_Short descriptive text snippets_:
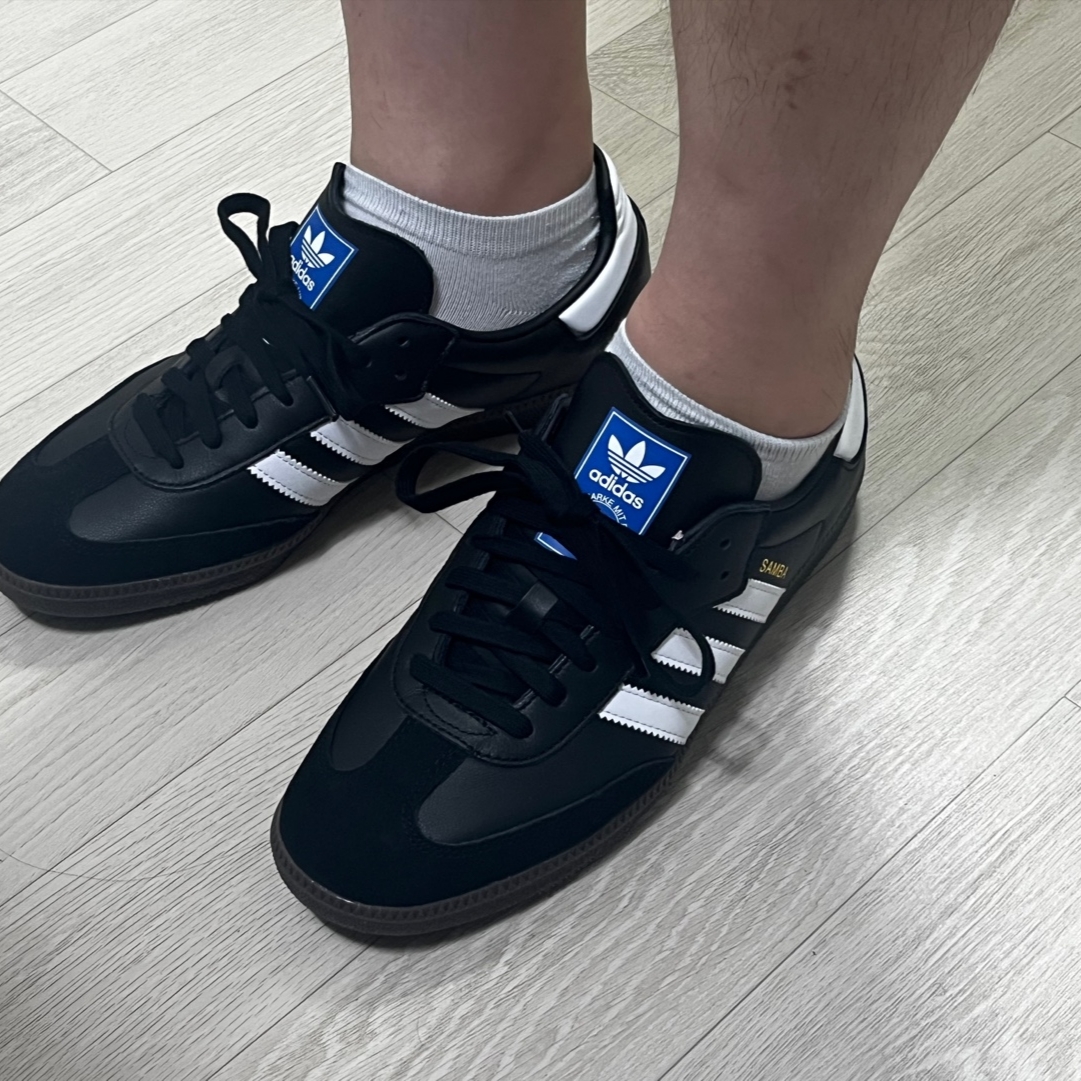 Adidas Samba OG Black White Gum 착용 스타일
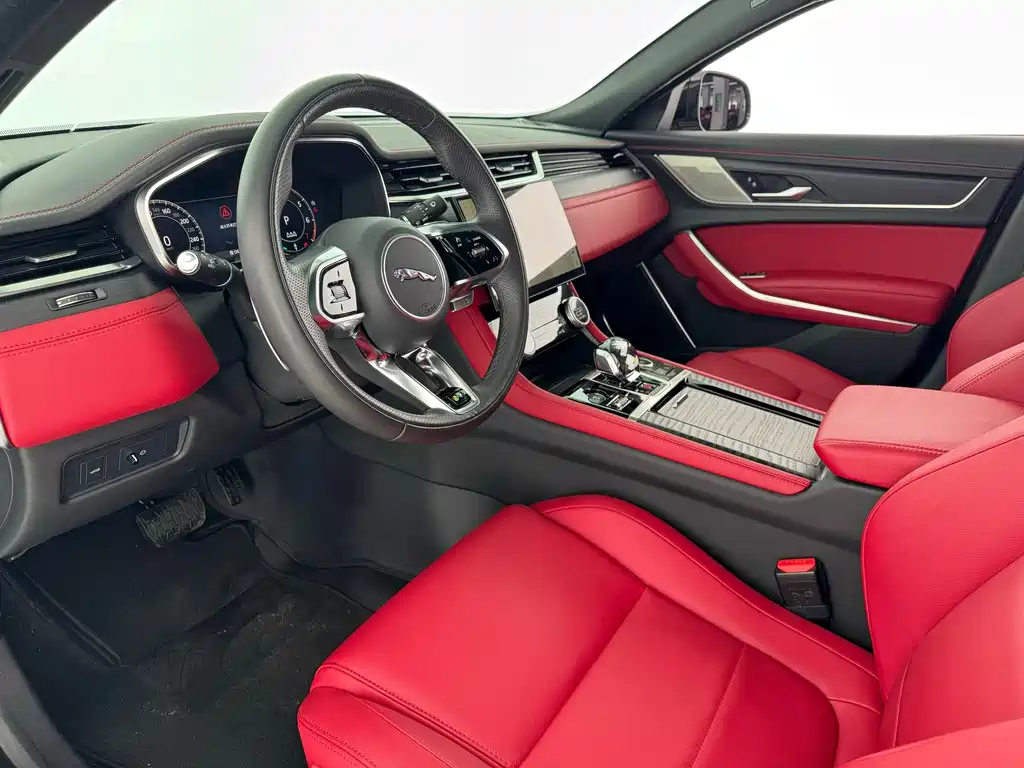 Jaguar XFL 2023 XFL 2.0T P250 two-wheel drive elite sports gold version купить на сайте DeffCars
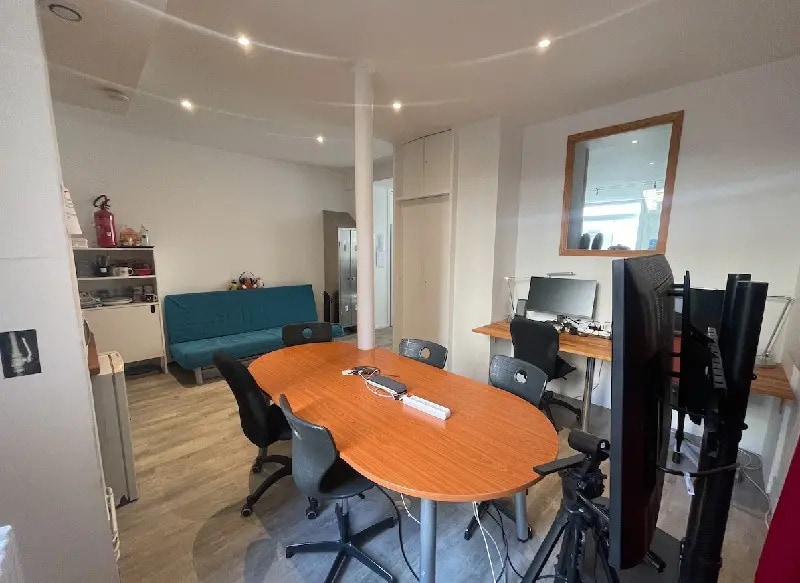 Retail in Paris for lease - Interior Photo - Image 2 of 9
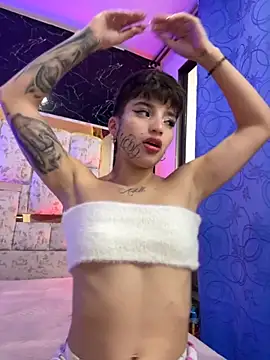 Snapshot of DayanaDG chatting on November 2025 06:19:02 PM DayanaDG online show from November 2025 06:19:02 PM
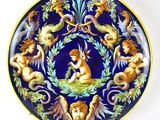une assiette bleue ornée d'un motif représentant des animaux et des oiseaux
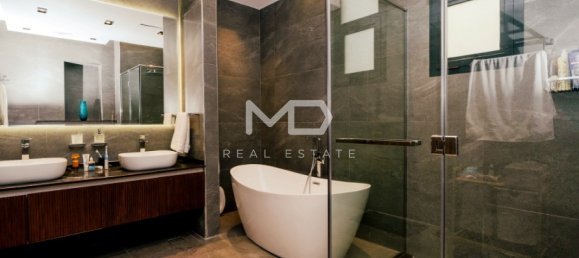 Villa de 4 dormitorios en Yas Island, UAE No. 47643 12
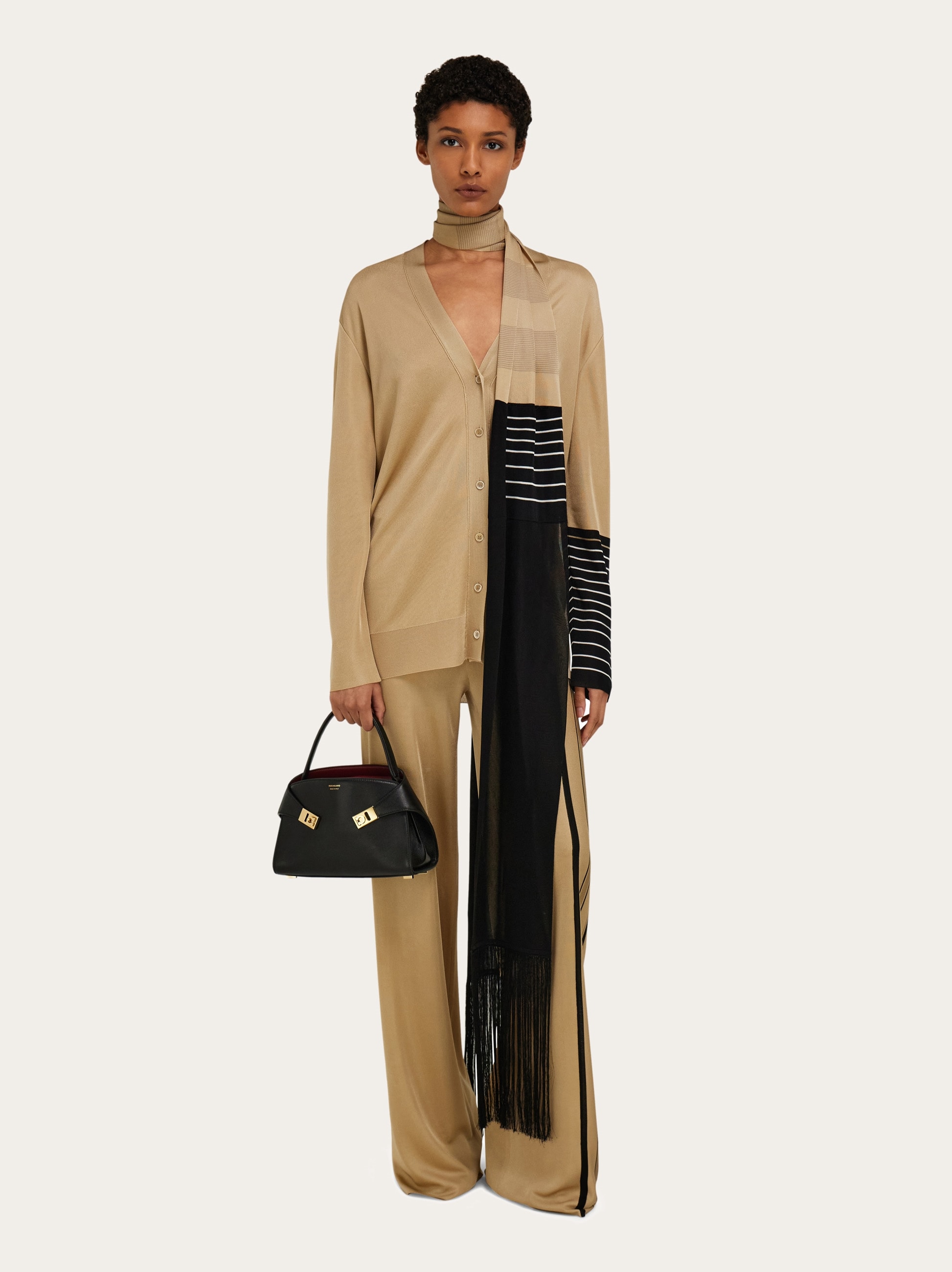 Hug ソフト バイカラーハンドバッグ(XS) - ウィメンズ | Ferragamo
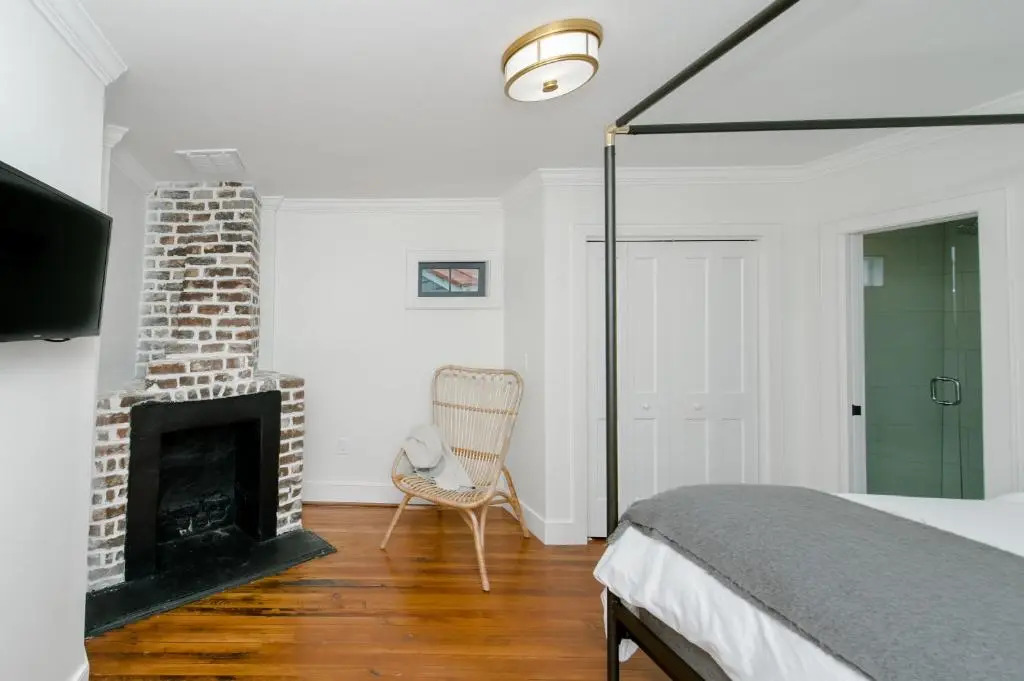Guesthouse Charleston WEST 62 and 64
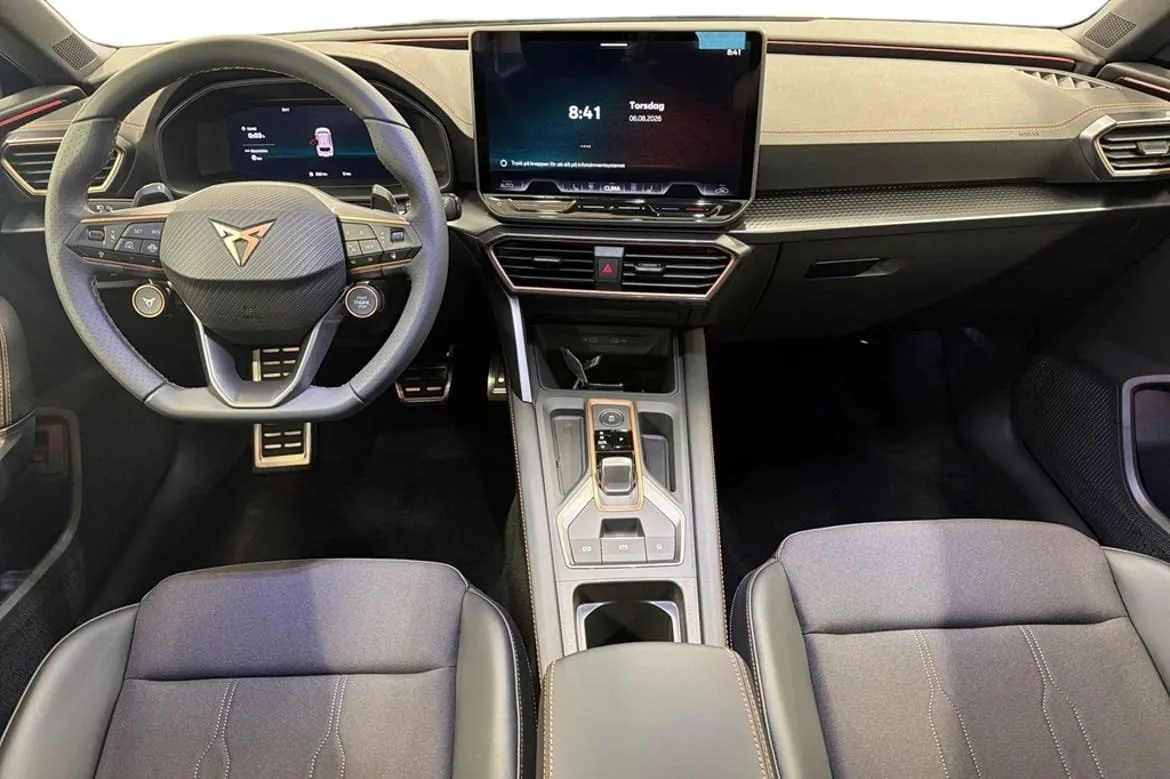 Vehicle image 6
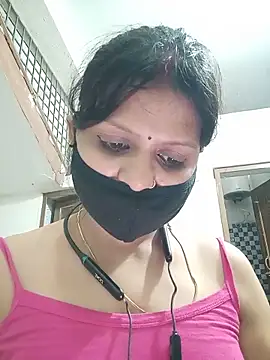Snapshot of ZOYA-STRIP chatting on June 9, 2026, 6:30 pm ZOYA-STRIP online show from June 9, 2026, 6:30 pm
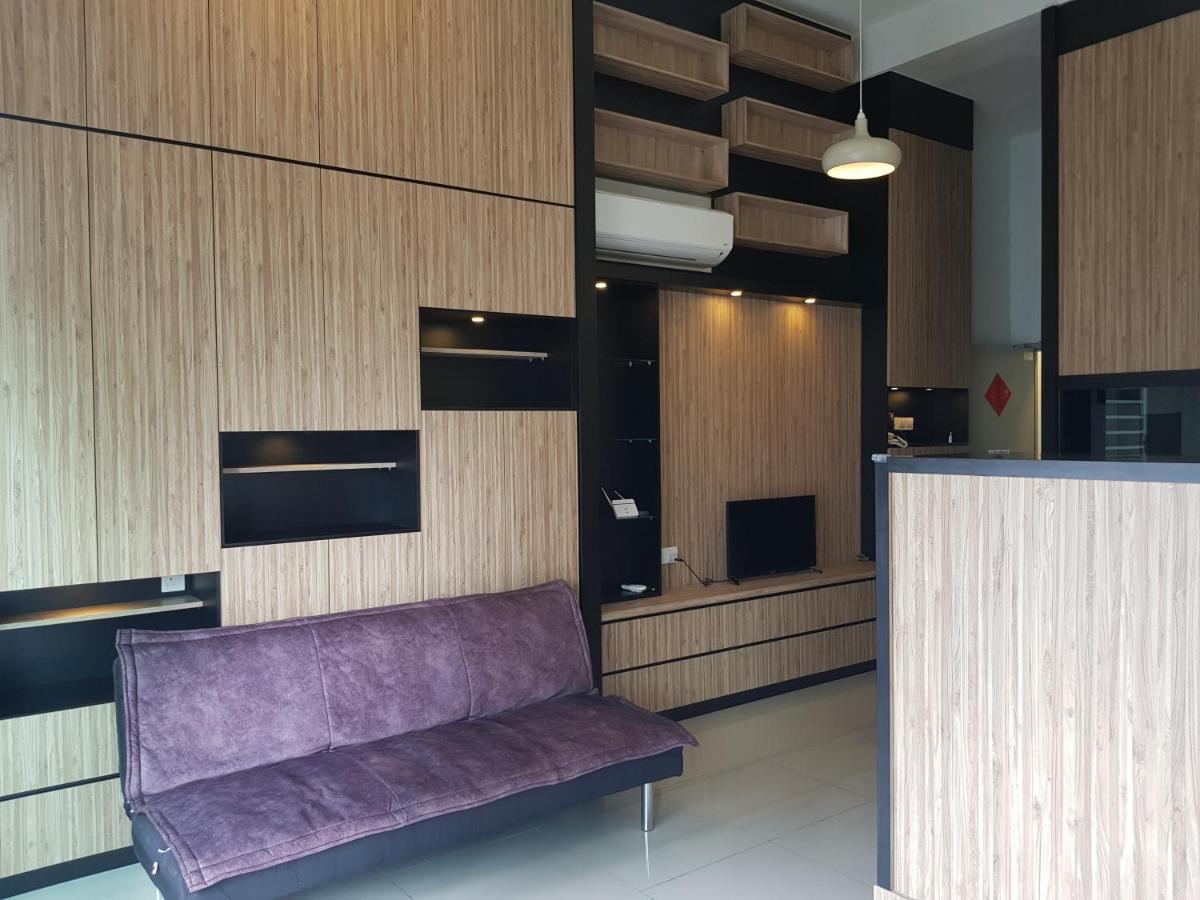 06- Austin Regency Taman Mount Austin Studio 4-5Pax Джохор-Бару Номер фото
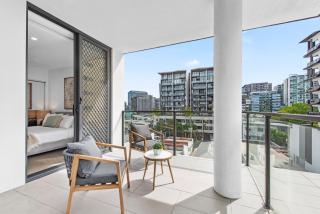 Bright & Spacious 1BR Apt with Balcony & Car Park! - 7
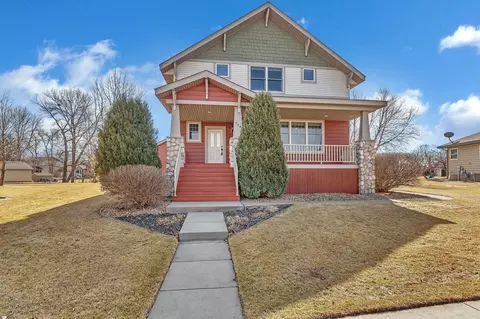 904 Celebration Cir, Sartell, MN 56377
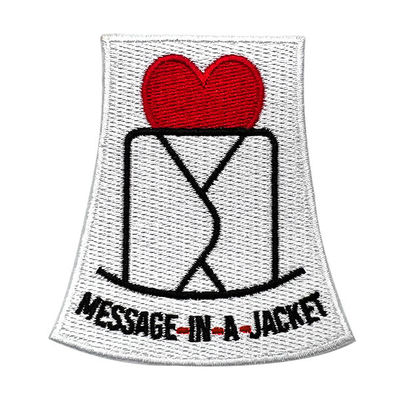 La veste brodée par message créatif fait sur commande raccorde le fer sur des corrections de broderie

_Directions_: Look above for the line containing "Guesthouse Charleston WEST 62 and 64", then retype it and each line after it to the end of the records, exactly and without pictures.

_Solution for this task_:
Guesthouse Charleston WEST 62 and 64
 Vehicle image 6
Snapshot of ZOYA-STRIP chatting on June 9, 2026, 6:30 pm ZOYA-STRIP online show from June 9, 2026, 6:30 pm
 06- Austin Regency Taman Mount Austin Studio 4-5Pax Джохор-Бару Номер фото
 Bright & Spacious 1BR Apt with Balcony & Car Park! - 7
 904 Celebration Cir, Sartell, MN 56377
 La veste brodée par message créatif fait sur commande raccorde le fer sur des corrections de broderie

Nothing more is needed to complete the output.